Community Indicators for Your Community

Real, lasting community change is built around knowing where you are, where you want to be, and whether your efforts are making a difference. Indicators are a necessary ingredient for sustainable change. And the process of selecting community indicators -- who chooses, how they choose, what they choose -- is as important as the data you select.

This is an archive of thoughts I had about indicators and the community indicators movement. Some of the thinking is outdated, and many of the links may have broken over time.

Friday, September 26, 2008

Update from Yampa Valley

A few years ago I had the opportunity to work with Audrey Danner of Yampa Valley Partners on a Civic Indicators project for the National Civic League, and I think she's one of those really good people that you get to meet every now and then if you're both really good and pretty lucky.
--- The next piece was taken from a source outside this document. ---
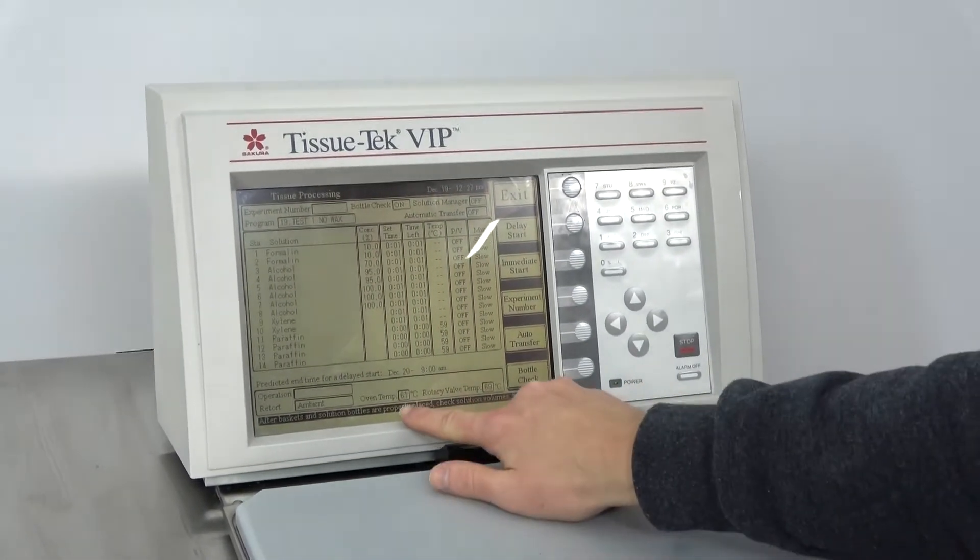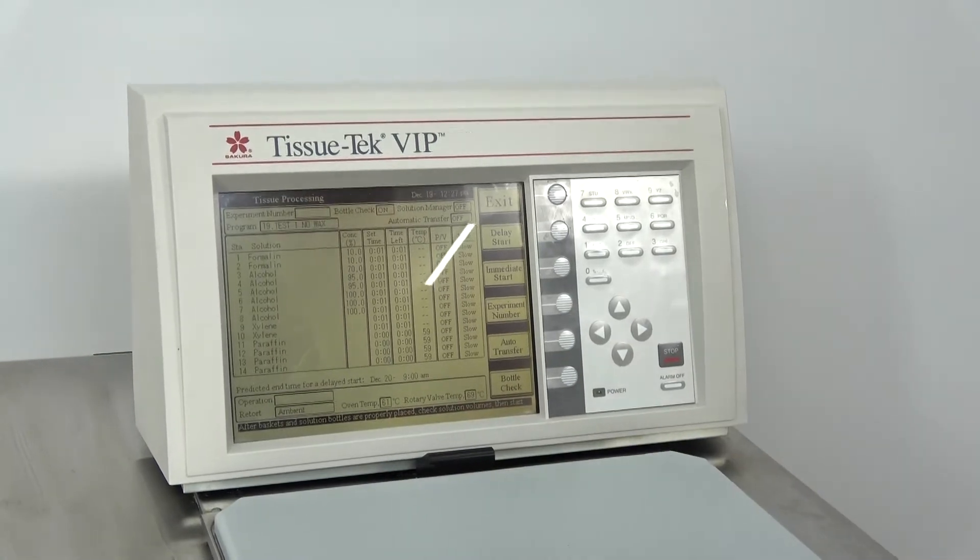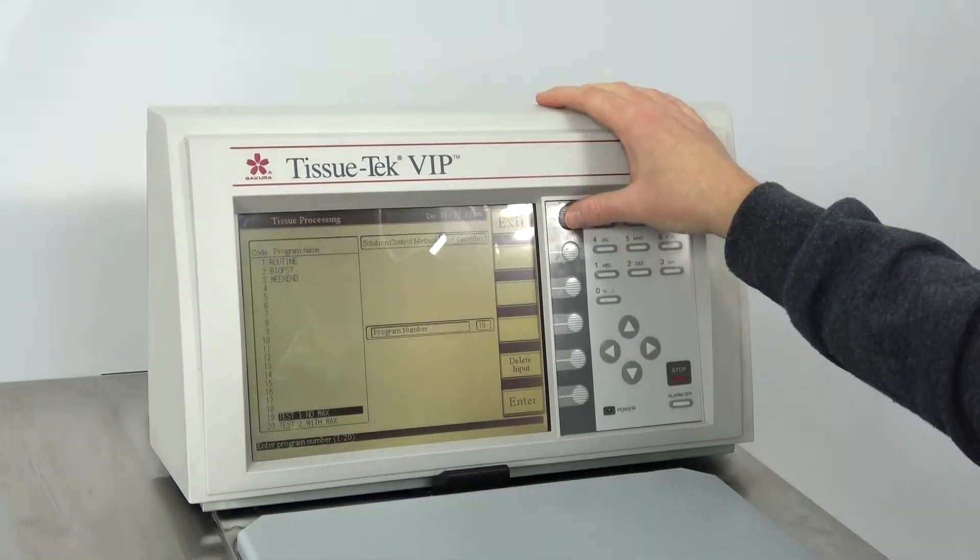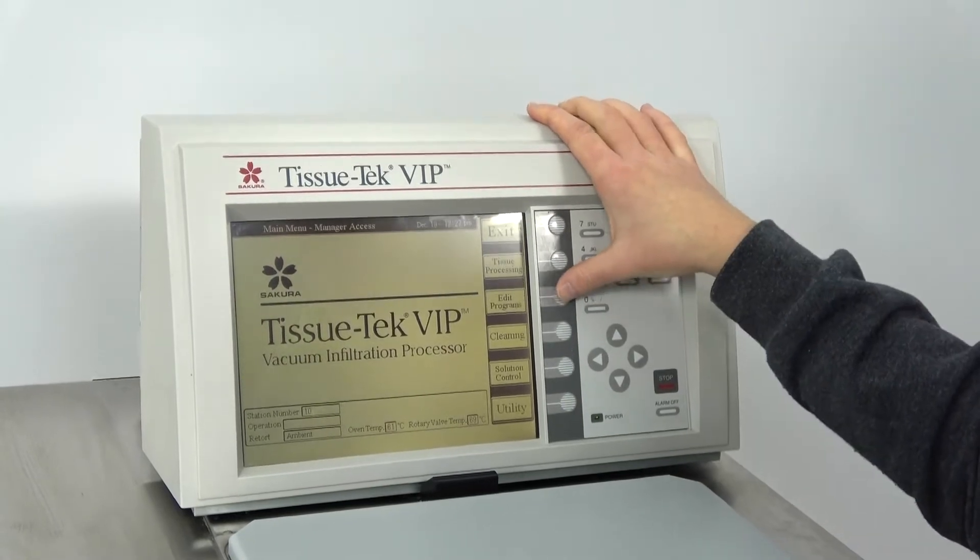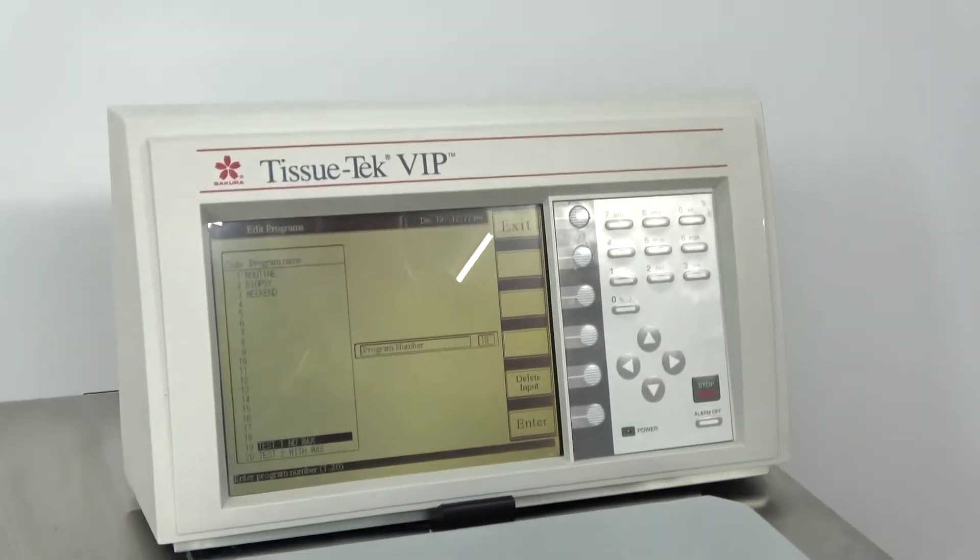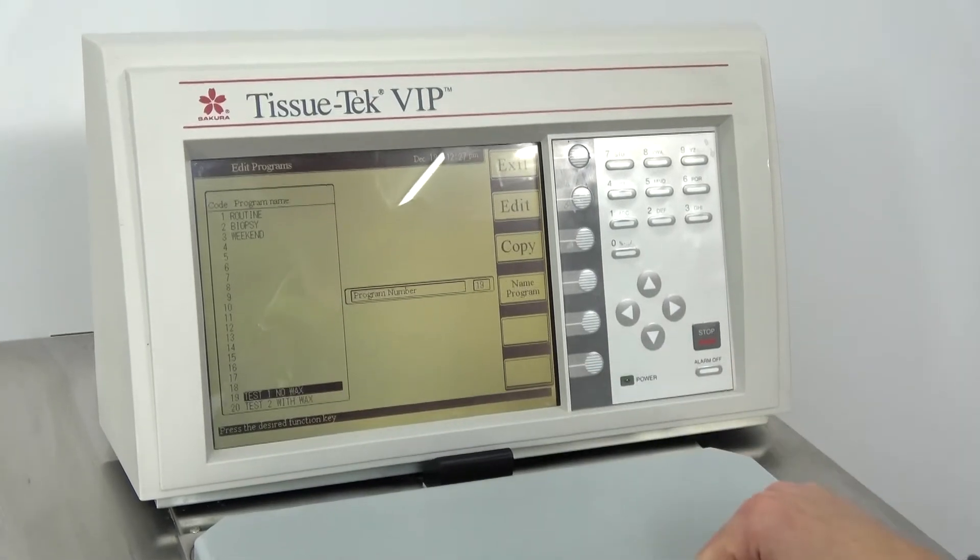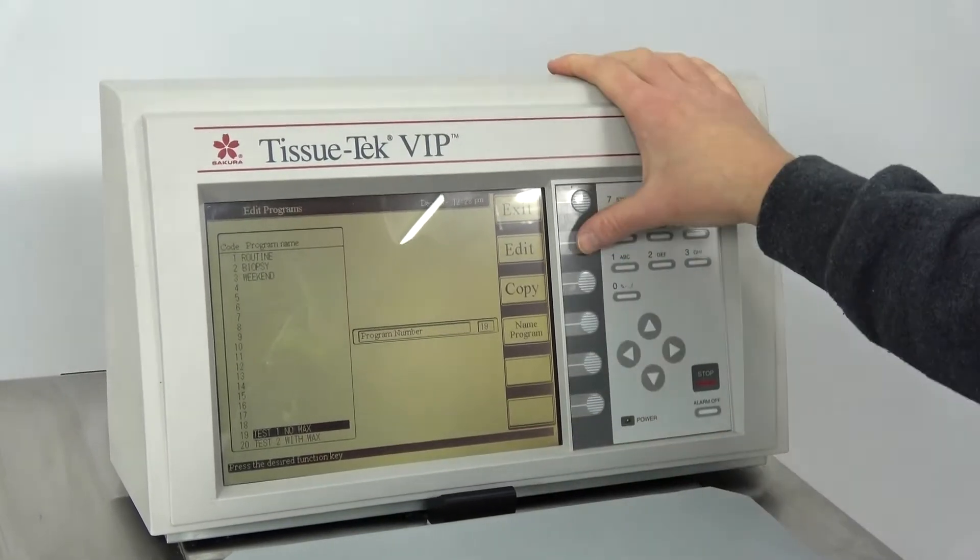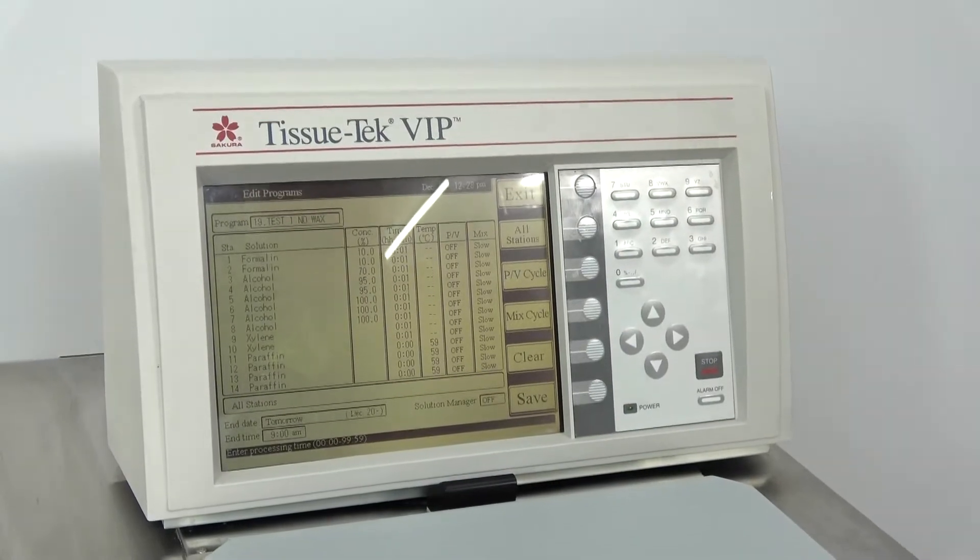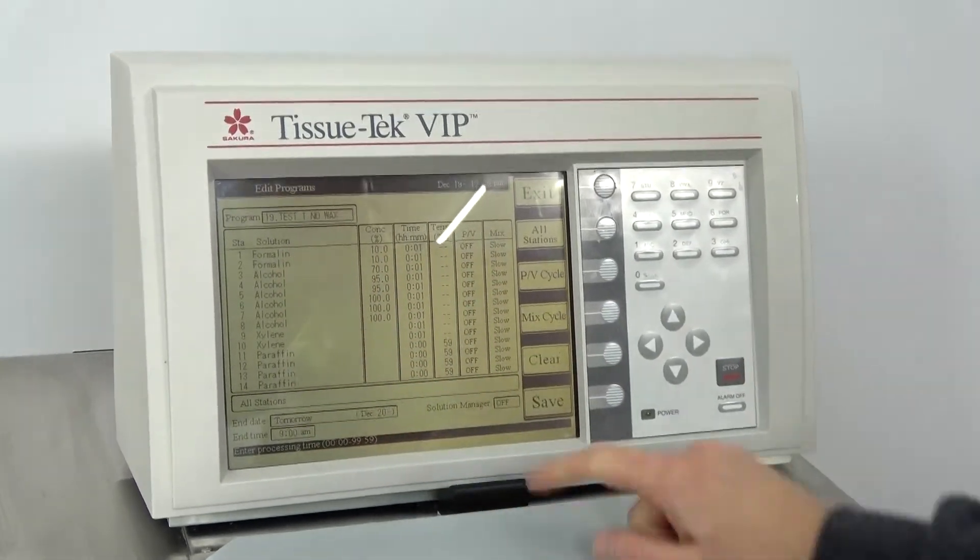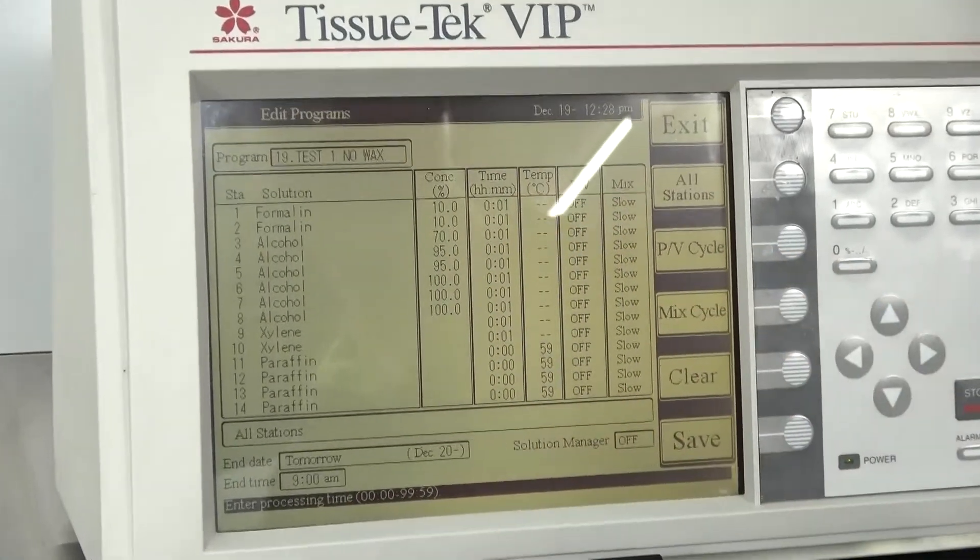This does give you an actual readout of the actual oven temp and the rotary valve temp. So just to give you a quick glimpse too at the programming features of the VIP-5, you can go to the edit programs here and we'll just explore this program. All right program number and we can edit it right here. So you can see each stage of your cycle. You're going to see your concentration, the amount of time for each stage.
That being said by way of introduction, I was a little disappointed in the Routt County Commission's decision not to remain as a financial partner in the work of Yampa Valley Partners. However, the discussion about the funding decisions and the desirability of government buy-in to local community indicators work is spot on, and I thought I'd draw your attention to this news article describing the situation.

We all face funding issues from time to time, especially as local governments struggle with multiple priorities and considerable needs. (Ironically, it's often our community indicators work that points out where those needs are and how significant they are to the community, which makes it bittersweet when those needs are prioritized ahead of the research/planning functions we provide -- if only we were less competent at placing these issues on the community agenda!)

But this response by Audrey Danner is right on message:

Audrey Danner, Yampa Valley Partners executive director, said her board plans to continue its services despite its funding setback. The most discouraging issue, she added, is losing Routt County as a partner, not its money.

“Our local government funding is very important, and it’s discouraging we will not have Routt County funding us next year,” Danner said. “It is not only about funding, though. It is about partners coming together for their communities … and being effective as a regional group when we make decisions.”

If you're in the Yampa Valley region in Colorado, please consider supporting Yampa Valley partners. (Audrey doesn't know I'm saying this.) Even if you're not, pay attention to what they're doing -- they're a shining light showing how a rural area can come together around shared issues for the community good.